6. Il appartient à la cour, saisie de l'ensemble du litige par l'effet dévolutif de l'appel, d'examiner les autres moyens présentés par le SIVOS d'Excideuil.

En ce qui concerne la responsabilité de M.B... :

7. Comme il a été dit précédemment, M. B...était titulaire du lot " revêtement sol sportif " chargé à ce titre de poser le revêtement couvrant le sol du gymnase. Par suite, les désordres sont imputables à son intervention et engagent sa responsabilité au titre de la garantie décennale.

En ce qui concerne la responsabilité de la SMABTP :

S'agissant de la responsabilité au titre de la garantie décennale des constructeurs :

8. Le SIVOS d'Excideuil demande que son assureur, la SMABTP, soit condamné solidairement avec M. B...à l'indemniser pour les désordres qui affectent le revêtement du gymnase en application du contrat d'assurance, lequel couvre la réparation des désordres rendant les ouvrages assurés impropres à leur destination.

9. Une condamnation solidaire sur le fondement de la garantie décennale n'est possible que si les désordres en cause sont regardés comme simultanément imputables aux intervenants à l'acte de construire, parmi lesquels ne figure pas l'assureur du maître de l'ouvrage. Ainsi, l'assureur du SIVOS d'Excideuil ne peut être tenu pour solidairement responsable des désordres litigieux sur le fondement des principes dont s'inspire la garantie décennale des constructeurs.
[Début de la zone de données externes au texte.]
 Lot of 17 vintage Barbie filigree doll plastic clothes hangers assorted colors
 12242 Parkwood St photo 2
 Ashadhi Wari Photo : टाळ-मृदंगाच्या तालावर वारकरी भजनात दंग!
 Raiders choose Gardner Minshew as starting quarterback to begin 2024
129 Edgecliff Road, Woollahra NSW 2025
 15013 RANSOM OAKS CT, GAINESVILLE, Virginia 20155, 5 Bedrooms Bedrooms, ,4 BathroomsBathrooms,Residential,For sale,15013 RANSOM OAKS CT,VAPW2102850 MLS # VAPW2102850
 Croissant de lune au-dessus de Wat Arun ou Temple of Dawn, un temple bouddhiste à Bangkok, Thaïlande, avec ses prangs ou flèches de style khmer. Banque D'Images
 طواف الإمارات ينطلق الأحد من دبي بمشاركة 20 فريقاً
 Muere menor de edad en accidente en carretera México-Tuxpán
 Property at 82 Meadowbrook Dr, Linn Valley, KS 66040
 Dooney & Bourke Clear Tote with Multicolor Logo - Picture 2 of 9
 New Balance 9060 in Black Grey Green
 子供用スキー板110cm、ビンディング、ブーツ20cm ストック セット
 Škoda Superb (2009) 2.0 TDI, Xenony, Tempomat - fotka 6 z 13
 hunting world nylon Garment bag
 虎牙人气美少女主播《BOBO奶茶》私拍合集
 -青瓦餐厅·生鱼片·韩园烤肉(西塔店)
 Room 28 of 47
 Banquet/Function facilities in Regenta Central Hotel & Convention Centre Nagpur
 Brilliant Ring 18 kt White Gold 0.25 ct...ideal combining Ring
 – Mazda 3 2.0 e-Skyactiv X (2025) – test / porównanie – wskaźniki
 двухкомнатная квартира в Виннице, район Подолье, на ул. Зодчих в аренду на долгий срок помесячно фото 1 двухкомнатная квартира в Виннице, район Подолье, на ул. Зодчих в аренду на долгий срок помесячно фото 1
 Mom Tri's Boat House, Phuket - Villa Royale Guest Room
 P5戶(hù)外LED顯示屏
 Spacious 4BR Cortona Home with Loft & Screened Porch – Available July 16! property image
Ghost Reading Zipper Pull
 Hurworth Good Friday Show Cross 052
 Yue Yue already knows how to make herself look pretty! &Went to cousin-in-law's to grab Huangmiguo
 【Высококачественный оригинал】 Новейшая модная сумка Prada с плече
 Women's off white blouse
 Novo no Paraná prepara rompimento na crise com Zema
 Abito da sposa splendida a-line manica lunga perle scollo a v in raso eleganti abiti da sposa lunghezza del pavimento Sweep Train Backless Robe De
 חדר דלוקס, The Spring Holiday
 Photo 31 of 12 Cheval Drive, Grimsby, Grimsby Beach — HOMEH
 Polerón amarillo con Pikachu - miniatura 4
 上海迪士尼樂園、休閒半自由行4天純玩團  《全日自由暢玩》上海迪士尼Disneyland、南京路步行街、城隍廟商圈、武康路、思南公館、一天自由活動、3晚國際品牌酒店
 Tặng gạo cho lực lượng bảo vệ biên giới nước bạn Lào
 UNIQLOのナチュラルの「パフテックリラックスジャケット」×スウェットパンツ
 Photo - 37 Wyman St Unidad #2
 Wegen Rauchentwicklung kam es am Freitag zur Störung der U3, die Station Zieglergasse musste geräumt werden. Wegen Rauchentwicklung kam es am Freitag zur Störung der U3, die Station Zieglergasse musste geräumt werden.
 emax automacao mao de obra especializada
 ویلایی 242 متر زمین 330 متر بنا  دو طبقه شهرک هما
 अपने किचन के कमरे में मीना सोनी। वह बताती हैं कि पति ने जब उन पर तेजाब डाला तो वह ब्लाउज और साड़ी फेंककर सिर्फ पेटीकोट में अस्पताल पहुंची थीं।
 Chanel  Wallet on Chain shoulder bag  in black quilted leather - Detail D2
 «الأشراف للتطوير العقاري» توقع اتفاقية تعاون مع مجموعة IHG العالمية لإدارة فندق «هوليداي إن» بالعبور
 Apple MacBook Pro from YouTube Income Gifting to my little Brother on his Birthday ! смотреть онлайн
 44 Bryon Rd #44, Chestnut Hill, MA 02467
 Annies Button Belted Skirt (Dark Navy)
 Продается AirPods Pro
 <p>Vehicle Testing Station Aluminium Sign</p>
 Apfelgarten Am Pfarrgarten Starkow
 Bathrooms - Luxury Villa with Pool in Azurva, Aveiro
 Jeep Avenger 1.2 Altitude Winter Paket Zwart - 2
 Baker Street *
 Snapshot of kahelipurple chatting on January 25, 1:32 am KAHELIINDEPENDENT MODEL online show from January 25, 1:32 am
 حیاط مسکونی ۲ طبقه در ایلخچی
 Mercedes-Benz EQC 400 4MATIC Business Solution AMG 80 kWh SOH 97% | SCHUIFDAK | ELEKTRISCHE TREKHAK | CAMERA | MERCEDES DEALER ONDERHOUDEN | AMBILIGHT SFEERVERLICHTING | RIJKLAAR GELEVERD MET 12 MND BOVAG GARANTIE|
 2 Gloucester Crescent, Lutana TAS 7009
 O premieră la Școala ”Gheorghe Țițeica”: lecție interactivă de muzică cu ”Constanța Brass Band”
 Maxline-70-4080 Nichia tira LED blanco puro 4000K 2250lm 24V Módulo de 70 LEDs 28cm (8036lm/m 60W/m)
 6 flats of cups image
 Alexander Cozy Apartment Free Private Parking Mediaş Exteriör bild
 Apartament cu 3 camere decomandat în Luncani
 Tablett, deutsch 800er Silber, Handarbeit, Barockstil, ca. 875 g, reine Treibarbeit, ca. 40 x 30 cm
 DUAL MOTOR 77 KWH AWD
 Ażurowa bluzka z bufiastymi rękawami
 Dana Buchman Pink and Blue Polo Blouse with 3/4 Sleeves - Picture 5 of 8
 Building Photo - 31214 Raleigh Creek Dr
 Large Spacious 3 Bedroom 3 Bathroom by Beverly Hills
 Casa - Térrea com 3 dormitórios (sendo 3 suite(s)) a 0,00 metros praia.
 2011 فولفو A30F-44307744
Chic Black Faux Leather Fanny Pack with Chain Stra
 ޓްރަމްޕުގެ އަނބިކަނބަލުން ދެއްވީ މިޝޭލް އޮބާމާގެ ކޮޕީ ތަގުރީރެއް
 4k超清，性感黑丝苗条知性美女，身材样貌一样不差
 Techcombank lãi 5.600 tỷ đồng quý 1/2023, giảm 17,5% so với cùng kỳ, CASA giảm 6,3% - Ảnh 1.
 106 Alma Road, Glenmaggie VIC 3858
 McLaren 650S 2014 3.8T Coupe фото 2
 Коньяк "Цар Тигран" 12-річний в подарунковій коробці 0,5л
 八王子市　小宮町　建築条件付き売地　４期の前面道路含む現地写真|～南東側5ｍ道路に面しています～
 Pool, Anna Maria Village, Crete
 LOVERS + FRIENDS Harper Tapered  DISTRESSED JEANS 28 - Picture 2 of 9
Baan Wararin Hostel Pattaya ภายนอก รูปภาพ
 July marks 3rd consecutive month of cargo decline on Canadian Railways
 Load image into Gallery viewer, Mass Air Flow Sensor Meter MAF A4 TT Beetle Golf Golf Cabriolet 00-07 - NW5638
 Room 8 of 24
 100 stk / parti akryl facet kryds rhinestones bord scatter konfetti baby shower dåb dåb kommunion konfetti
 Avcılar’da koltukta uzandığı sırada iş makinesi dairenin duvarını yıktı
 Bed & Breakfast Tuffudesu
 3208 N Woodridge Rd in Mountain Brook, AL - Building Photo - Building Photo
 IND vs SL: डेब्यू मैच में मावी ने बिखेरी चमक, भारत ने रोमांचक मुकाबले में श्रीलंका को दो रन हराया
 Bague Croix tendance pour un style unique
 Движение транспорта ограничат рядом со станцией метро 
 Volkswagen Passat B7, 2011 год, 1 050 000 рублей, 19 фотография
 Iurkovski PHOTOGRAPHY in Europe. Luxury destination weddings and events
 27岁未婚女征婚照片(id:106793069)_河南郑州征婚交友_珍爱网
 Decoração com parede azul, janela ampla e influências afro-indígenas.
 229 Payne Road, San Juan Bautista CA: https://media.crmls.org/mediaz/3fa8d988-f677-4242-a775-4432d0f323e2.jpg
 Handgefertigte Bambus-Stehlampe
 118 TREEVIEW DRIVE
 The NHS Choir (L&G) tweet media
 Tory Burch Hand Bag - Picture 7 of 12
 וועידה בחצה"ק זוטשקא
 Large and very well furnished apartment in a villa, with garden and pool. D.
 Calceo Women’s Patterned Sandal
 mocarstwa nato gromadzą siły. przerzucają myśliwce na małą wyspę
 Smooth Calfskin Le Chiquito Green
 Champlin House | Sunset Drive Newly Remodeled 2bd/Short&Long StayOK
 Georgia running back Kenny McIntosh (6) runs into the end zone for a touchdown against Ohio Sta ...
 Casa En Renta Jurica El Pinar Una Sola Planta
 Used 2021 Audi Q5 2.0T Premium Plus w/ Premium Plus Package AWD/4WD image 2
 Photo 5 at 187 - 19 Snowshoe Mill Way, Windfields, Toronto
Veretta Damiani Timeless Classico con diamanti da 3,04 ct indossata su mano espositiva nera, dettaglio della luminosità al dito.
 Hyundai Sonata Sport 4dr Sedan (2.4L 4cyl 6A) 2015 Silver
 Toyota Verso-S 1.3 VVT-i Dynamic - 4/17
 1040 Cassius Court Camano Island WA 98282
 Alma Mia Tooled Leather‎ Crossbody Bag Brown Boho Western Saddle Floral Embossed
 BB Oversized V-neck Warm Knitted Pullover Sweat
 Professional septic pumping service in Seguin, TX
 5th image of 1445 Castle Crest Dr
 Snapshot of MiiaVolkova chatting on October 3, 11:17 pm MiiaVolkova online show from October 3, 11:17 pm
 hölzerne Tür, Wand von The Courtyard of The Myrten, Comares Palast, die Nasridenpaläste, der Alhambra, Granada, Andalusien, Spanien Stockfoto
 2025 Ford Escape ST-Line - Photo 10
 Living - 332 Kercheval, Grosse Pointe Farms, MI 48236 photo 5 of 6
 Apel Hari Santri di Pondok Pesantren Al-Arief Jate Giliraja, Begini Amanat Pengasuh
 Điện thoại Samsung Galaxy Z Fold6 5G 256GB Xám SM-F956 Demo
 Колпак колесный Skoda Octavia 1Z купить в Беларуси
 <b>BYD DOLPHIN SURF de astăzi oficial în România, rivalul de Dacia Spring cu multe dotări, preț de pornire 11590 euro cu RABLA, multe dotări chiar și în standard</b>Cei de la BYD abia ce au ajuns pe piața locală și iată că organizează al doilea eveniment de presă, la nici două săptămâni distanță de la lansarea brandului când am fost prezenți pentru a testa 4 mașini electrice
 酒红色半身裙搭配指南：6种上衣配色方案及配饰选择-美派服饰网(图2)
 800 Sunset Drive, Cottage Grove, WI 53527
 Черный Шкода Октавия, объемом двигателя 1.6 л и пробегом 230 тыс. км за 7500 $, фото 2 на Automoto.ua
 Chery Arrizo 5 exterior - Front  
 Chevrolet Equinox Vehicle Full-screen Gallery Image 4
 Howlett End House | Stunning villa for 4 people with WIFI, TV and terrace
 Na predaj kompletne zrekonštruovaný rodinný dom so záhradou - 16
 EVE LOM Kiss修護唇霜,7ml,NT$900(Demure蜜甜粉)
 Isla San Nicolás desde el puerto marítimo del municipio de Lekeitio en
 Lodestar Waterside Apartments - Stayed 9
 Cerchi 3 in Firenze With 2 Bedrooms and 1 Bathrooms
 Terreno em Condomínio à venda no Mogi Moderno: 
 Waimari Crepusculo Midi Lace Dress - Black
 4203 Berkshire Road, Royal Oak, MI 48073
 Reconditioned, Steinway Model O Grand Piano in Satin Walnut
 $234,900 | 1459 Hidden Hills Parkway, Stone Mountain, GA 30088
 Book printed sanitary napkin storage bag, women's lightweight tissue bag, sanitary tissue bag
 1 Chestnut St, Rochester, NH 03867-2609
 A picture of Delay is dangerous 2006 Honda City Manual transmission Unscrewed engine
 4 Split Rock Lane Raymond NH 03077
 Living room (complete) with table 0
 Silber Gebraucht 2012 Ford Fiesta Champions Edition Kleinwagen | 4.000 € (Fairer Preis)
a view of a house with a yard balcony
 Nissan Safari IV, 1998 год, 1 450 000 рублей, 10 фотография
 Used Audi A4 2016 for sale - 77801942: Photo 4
10. Par ailleurs, aucune des stipulations du contrat d'assurance ne prévoit que l'assureur du maître de l'ouvrage est tenu à une réparation solidaire des désordres décennaux avec un entrepreneur responsable de ces derniers. De même, aucune disposition législative ne prévoit de solidarité entre l'assureur du maître de l'ouvrage et les entrepreneurs responsables en ce qui concerne la réparation des désordres de nature décennale affectant un ouvrage.

11. Il résulte de ce qui précède que la demande, présentée par le SIVOS d'Excideuil, de condamnation solidaire de la SMABTP avec M. B...doit être rejetée.

S'agissant de la responsabilité au titre de la théorie des dommages intermédiaires :

12. La SMABTP, qui est l'assureur du maître de l'ouvrage, ne constitue pas un constructeur qui, en tant que tel, peut voir sa responsabilité être engagée sur le fondement de la théorie des dommages intermédiaires comme le soutient le SIVOS d'Excideuil. Par suite, les conclusions présentées sur ce fondement par le SIVOS d'Excideuil doivent être rejetées en tout état de cause.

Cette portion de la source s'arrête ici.